Source material |
****************************************

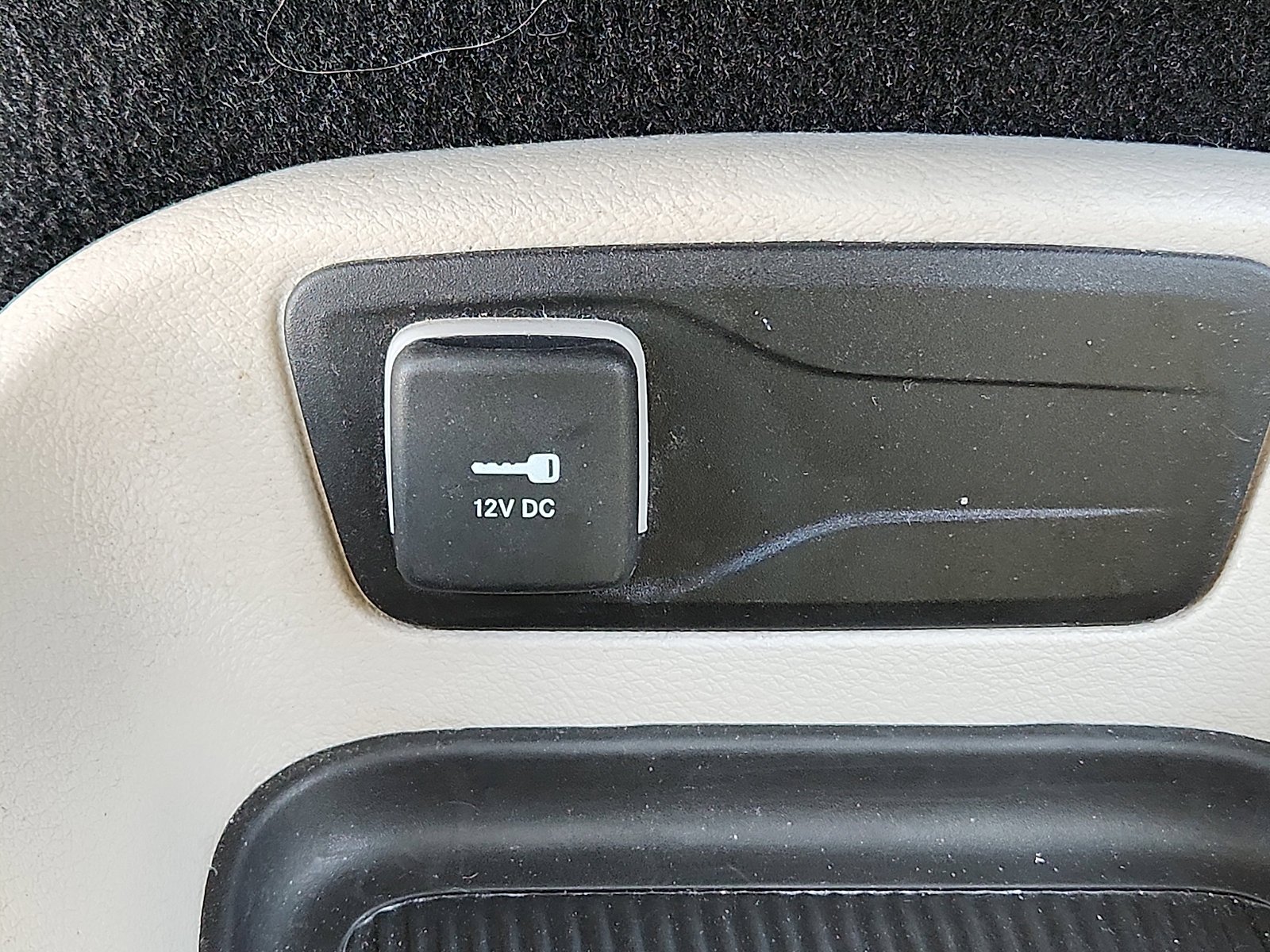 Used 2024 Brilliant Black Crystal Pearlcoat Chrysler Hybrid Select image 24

****************************************

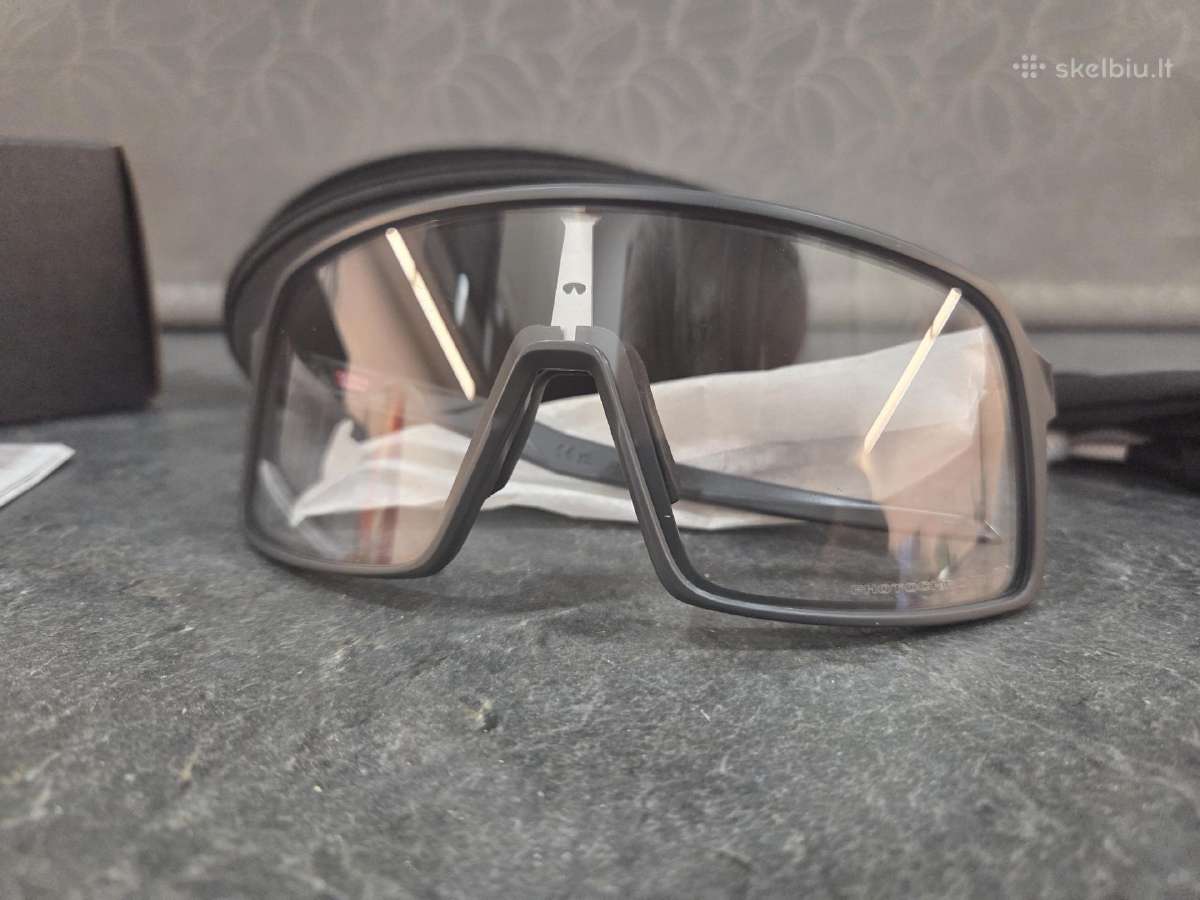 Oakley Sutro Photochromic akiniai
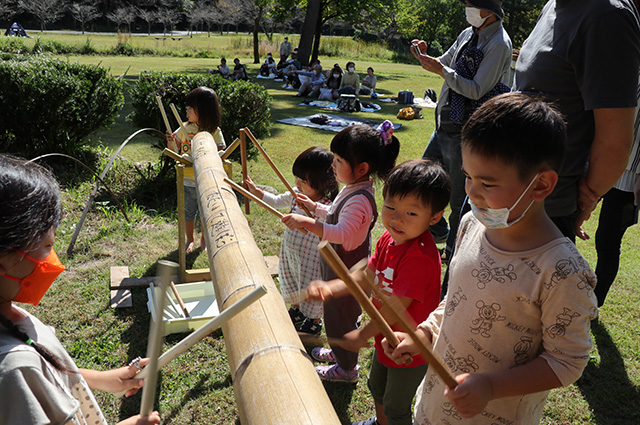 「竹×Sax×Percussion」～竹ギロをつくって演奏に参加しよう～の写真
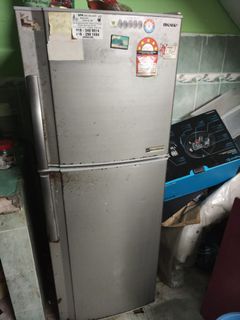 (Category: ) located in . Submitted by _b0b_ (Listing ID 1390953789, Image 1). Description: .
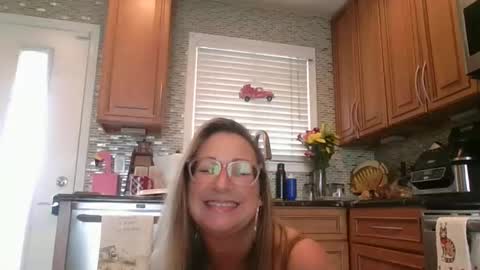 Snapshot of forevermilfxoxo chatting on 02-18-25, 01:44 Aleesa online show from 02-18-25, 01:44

****************************************

Directions for this task | Between and including the line above that contains "(Category: ) located" and the line that contains "Snapshot of forevermilfxoxo", restate every line word for word. Pictures stay out.

Solution to the problem |
 (Category: ) located in . Submitted by _b0b_ (Listing ID 1390953789, Image 1). Description: .
 Snapshot of forevermilfxoxo chatting on 02-18-25, 01:44 Aleesa online show from 02-18-25, 01:44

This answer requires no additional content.